Attacking positioning is covered in the E course as "Tactics of the Second Attacker," with course book treatment on page 42 of the manual distributed for the course. The E/D course covers positioning in greater depth in lesson 12. These courses are very helpful in coaching positioning.
So before you get to tactics, your team must understand positioning and team shape. How do you teach positioning and team shape to youth? The "Magic Y."
TRIANGLES, TRIANGLES, TRIANGLES
The most common and universally employed unit of offensive positional structure
in our game is the triangle — three players, each at one of the points of the angles, at or ready to move to passing distances from each other.
The entire attacking team needs to "shape" into conjoined triangles, but let's start more simply, with one. The first triangle must be anchored to something, or your offense will look like a Jackson Pollack canvas. That's why there is a game I use to begin teaching positioning, which I call the "Magic Y." It is how to teach the first step of positioning — shaping the triangles around the ball, which is the anchor. We start with just four players.

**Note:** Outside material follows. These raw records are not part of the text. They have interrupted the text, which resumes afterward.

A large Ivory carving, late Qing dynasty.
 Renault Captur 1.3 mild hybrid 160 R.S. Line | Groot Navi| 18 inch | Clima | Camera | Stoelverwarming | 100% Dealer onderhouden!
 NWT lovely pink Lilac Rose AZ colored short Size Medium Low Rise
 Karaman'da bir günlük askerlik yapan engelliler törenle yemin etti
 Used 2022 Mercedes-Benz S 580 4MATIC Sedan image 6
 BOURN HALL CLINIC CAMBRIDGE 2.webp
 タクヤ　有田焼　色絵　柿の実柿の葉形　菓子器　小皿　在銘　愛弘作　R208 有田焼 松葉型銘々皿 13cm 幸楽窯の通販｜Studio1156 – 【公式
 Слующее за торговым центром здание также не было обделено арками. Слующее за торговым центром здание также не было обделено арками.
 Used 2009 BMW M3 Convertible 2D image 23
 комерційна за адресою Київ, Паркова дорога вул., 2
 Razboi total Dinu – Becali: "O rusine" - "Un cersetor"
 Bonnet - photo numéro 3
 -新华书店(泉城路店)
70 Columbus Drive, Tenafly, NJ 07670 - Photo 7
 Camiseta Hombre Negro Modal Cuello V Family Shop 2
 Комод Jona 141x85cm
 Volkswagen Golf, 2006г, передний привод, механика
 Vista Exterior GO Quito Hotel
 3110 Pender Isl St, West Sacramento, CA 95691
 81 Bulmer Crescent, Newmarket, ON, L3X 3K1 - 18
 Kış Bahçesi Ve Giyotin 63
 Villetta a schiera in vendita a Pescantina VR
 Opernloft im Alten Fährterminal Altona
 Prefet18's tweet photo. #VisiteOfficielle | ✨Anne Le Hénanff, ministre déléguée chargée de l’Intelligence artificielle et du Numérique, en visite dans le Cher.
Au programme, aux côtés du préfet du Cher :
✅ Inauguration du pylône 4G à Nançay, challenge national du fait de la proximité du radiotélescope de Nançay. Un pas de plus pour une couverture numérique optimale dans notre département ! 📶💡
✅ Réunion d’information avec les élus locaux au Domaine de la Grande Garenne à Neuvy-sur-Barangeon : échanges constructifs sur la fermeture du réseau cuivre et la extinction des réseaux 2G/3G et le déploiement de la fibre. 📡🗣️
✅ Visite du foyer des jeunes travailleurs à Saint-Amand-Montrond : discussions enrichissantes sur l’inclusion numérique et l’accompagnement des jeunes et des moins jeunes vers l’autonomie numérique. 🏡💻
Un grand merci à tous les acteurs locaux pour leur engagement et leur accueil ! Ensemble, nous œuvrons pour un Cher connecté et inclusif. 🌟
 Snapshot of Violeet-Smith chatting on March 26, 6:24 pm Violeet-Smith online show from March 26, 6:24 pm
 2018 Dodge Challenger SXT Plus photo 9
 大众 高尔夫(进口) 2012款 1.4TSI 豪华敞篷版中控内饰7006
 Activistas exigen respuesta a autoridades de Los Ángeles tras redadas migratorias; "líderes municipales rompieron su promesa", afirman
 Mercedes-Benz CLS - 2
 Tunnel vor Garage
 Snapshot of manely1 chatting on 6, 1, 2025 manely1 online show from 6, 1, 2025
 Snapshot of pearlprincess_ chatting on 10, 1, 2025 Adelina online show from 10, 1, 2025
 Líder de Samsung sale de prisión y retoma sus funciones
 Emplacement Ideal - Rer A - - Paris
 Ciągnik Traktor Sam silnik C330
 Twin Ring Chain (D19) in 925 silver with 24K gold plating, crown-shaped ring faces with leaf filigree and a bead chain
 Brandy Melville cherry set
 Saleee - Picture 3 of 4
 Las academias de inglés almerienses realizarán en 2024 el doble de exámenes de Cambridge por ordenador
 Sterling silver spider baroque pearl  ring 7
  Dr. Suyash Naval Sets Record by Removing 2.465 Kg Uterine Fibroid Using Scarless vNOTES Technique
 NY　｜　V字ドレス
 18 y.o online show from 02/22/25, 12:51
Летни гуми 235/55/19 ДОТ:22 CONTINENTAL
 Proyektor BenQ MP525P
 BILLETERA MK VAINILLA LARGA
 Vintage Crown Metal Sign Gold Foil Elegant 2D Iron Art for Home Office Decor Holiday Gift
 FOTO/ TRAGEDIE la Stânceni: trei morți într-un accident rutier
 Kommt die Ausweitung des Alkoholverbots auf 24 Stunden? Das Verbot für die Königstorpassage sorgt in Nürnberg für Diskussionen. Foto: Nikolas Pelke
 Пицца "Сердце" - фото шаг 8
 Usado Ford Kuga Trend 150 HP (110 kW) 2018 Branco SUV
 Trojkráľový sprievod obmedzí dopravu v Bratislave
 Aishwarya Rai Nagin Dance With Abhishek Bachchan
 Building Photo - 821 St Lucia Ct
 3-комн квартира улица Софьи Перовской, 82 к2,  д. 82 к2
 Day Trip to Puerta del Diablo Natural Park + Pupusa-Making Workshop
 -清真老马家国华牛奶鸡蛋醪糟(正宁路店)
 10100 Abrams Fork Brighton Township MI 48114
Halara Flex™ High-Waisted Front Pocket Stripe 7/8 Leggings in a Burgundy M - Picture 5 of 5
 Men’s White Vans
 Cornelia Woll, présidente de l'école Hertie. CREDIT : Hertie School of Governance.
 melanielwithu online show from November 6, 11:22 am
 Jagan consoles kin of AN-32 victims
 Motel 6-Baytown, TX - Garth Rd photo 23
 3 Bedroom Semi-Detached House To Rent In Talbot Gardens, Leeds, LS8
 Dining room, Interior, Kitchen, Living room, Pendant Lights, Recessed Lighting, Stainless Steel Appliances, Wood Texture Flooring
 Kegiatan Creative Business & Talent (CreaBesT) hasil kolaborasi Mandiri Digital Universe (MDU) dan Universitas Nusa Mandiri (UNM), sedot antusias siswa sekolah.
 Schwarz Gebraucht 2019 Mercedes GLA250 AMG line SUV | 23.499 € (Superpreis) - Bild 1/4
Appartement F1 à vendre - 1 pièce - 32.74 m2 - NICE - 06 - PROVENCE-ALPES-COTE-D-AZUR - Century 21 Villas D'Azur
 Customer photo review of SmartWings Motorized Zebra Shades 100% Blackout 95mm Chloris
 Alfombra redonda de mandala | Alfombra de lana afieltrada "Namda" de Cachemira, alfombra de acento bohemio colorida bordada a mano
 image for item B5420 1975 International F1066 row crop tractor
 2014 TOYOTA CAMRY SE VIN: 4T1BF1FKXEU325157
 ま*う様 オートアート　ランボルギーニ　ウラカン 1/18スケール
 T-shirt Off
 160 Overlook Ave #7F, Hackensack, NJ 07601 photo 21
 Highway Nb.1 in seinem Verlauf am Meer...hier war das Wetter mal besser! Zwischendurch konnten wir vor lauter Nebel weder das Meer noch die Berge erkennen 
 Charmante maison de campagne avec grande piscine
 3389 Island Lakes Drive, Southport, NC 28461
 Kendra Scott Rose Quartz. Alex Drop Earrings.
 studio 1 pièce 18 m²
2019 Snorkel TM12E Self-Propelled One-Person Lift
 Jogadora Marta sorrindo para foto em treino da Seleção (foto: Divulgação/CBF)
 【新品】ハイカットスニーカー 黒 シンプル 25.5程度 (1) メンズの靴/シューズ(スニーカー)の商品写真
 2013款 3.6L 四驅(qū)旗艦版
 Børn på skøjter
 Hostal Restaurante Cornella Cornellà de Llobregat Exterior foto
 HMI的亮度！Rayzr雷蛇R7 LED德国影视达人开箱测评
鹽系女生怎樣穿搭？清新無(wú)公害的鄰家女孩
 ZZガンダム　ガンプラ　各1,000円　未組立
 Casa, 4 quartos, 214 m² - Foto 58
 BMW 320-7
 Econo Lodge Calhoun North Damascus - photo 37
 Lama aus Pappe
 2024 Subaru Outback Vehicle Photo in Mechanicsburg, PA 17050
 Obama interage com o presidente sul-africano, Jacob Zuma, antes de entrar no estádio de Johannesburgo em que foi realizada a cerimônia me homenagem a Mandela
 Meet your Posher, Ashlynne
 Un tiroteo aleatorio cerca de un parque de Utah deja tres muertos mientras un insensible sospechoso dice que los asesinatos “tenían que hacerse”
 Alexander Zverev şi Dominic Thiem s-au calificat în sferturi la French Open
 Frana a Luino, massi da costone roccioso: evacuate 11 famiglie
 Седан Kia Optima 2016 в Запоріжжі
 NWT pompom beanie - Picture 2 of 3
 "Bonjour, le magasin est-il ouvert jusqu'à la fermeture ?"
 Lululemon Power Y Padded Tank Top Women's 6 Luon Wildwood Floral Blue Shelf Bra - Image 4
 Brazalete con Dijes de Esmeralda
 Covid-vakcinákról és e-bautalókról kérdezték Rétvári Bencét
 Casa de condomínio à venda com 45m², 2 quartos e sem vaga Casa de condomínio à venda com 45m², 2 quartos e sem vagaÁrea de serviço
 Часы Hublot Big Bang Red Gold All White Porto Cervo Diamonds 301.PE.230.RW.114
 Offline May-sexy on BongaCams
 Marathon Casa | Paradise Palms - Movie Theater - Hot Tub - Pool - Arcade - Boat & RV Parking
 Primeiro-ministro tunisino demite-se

Creating the "Y" is obvious: A1, "the ball," is at the junction; A2 is left and forward; A3 is right and forward; and A4 trails A1 backfield:
To start, have three of your players set up in the Y, around you as A1, with you holding the ball. After they have seen the angles and range of acceptable distances and can reconstruct it without your help, start to move around and have them maintain their positions in the Y, relative to you as A1.2 After a few tries, with you stopping play, instructing, and restarting, you will have players who are positioning themselves. Congratulations, your team has "shape," rudimentary, but it is shape.